No. Windows is designed for the "average user", that is people who don't understand anything about a computer. Therefore, the OS tries to be smart to avoid PEBKACs. To quote Bill Gates: "There are no issues with Windows that any number of people want to be fixed." Of course, he knows that 99.9999% of all Windows users can't tell whether the program just did something odd because of them or the guy who wrote it.
Unix was designed when the world was more simple and anyone close enough to a computer to touch it, probably knew how to assemble it from dirty sand. Therefore, the OS usually lets you do what you want because it assumes that you know better (and if you didn't, you will next time).
Technical answer: Unix allocates an "i-nodes" if you create a file. I-nodes can be shared between processes. If two processes create the same file (that is, two processes call create() with the same path), then you end up with two i-nodes. This is by design. It allows for a fancy security feature: You can create files which no one can open but yourself:
Open a file
Delete it (but keep the file handle)
Use the file any way you like
Close the file
After step #2, the only process in the universe who can access the file is the one who created it (unless you want to read the hard disk block by block). The OS will keep the data alive until you either close the file or your process dies (at which time Unix will clean up after you).
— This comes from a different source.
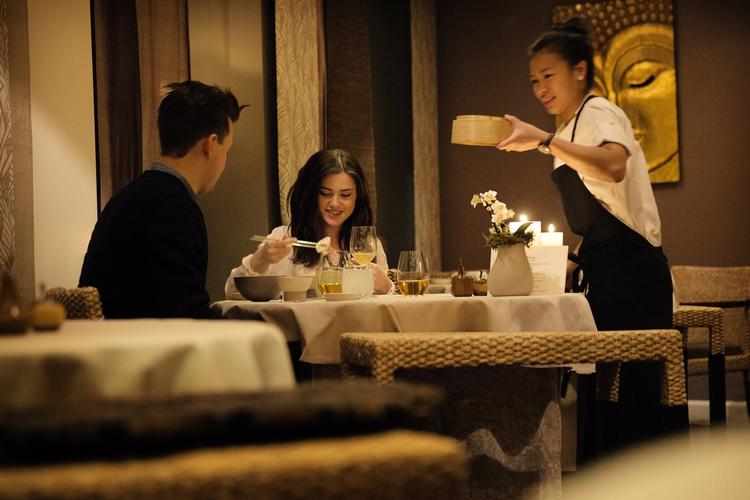 Mad. Rigtig mange oplevelsesgavekort kan bruges på middage. Her fra den thailandske restaurant Kiin Kiin på Nørrebro.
This design is the foundation of all Unix filesystems. The Windows file system NTFS works much the same way but the high level API is different. Many applications open files in exclusive mode (which prevents anyone, even backup programs) to read the file. This is even true for applications which just display information like PDF viewers.
That means you'll have to fix all the Windows applications to achieve the desired effect. If you have access to the source, you can create a file in a shared mode. That would allow other processes to access it at the same time but then, you will have to check before every read/write if the file still exists, whether someone has made changes, etc.
According to MSDN you can specify to CreateFile() 3rd parameter (dwSharedMode) shared mode flag FILE_SHARE_DELETE which:
Enables subsequent open operations on a file or device to request delete access.
Otherwise, other processes cannot open the file or device if they request delete access.
If this flag is not specified, but the file or device has been opened for delete access, the function fails.
Note Delete access allows both delete and rename operations.
http://msdn.microsoft.com/en-us/library/aa363858(VS.85).aspx
So if you're can control your applications you can use this flag.
Note that Process Explorer allow for force closing of file handles (for processes local to the box on which you are running it) via Handle -> Close Handle.
Unlocker purports to do a lot more, and provides a helpful list of other tools.
Also deleting on reboot is an option (though this sounds like not what you want)
That doesn't really help if the hung process still has the handle open. It won't release the resources until that hung process releases the handle. But anyway, in Windows it is possible to force close a file out from under a process that's using it. Process Explorer from sysinternals.com will let you look at and close handles that a process has open.